箴言
<箴言>とは、「いましめとなる短い句。教訓の意味をもった短い言葉。格言。」(大辞林)を云います。
私は箴言集の類の本は手に取りません。「楽して良いとこ取り」という気持ちもありますが、何より、その言葉が発せられる文脈を知らずに理解などできはしないと考えるからです。
例外は、ラ・ロシュフコーの『運と気まぐれに支配される人たち』(角川文庫)ですが、これはこれで一つの作品ですので意味合いが違います。
佐藤愛子の『ああ面白かったと言って死にたい』は、まさしく例外中の例外。本屋で見かけた瞬間、迷わず手に取っていました。
伏線はありました。文藝春秋の増刊号です。
http://d.hatena.ne.jp/ocelot2009/20120429/1335682973
その言葉に頷いた作家の一人が佐藤愛子でした。
その波乱万丈な人生は「第三の新人」の作家のエッセイ等で知っていましたが、その著書を読むまでには至っていませんでした。今回も、その多くの小説やエッセイに手を伸ばすことなく過ごしていました。
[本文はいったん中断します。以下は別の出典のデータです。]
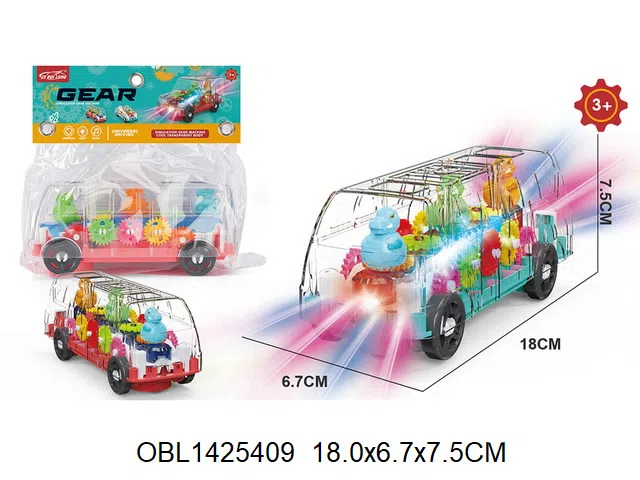 电动齿轮巴士车带灯光音乐 3*AA无包电_OBL1425409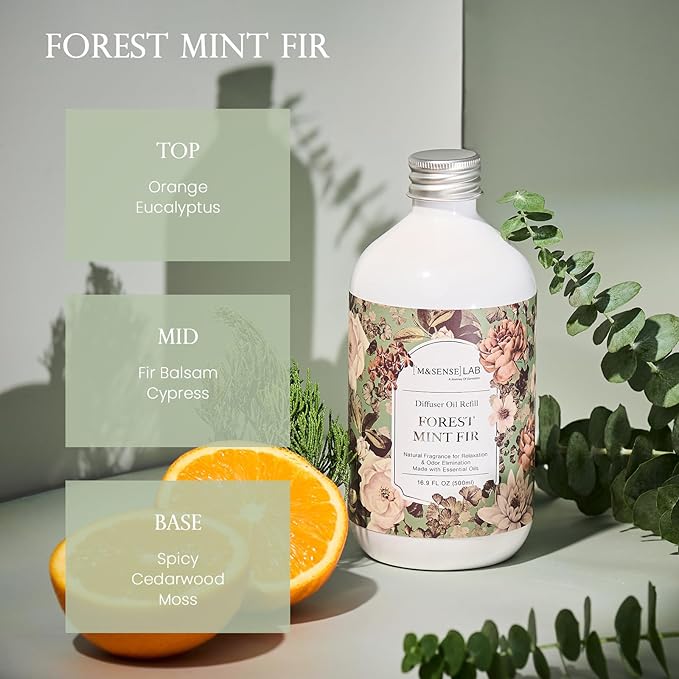 M&SENSE Reed Diffuser Oil Refill, 16.9 Fl Oz with 10 Hollow Reed Sticks, Forest Mint Fir Scent Home Fragrance, Scented Oil Refills, Natural Essential Oils for Diffusers, Décor for Home Spa Office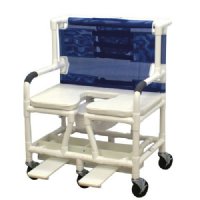 Show product details for MJM 30"W PVC Bariatric Shower Chair w/Open Front Bariatric Soft Seat, 5" x 1 1/4" Heavy Duty Casters, Sliding Self Storing Footrest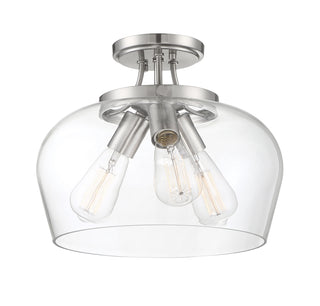 Octave 3-Light Ceiling Light in Satin Nickel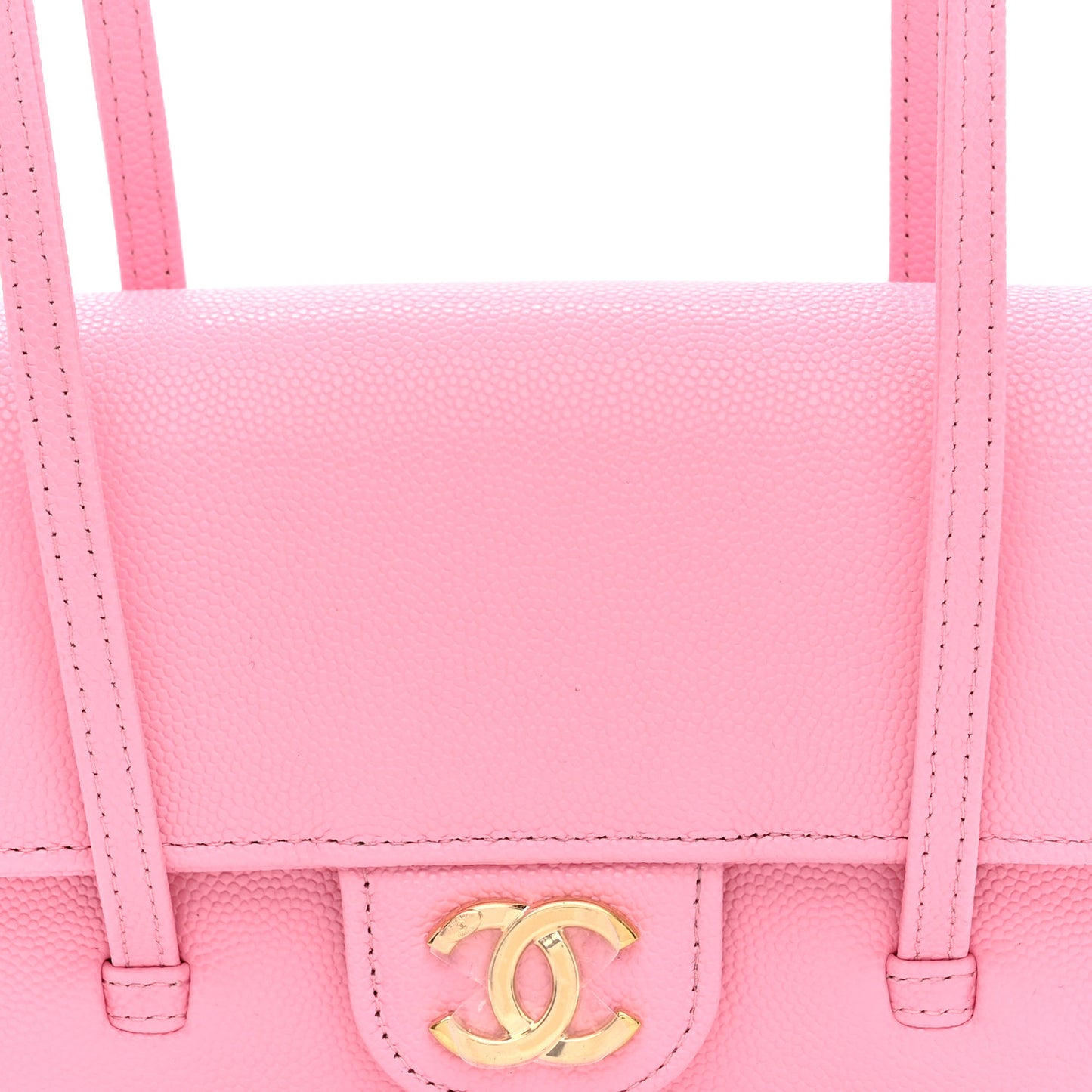Shiny Caviar Mini Preppy Coco Shoulder Bag Pink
直感は無意識の発露。自らに課したルールに反しますが、ここは流れに身を任せました。
読んで良かったというのが一番の感想です。ウケを狙って気取ることをせず、箴言といっても、言葉のレトリックで着飾ってもいません。身体から出た言葉という感じです。
僭越ながら、私が当ブログで書いてきたことと重なる部分もあり、とても嬉しくなりました。
嬉しいといえば、あとがきの最後、「『ためになりました』という読後感は期待していないけれども、『ふーん、こういう考え方もあるのネ』くらいの関心を持っていただけたら、嬉しいです。」と書いています。この“嬉しいです”が何とも可愛らしい。
チャーミングなおばあちゃんです。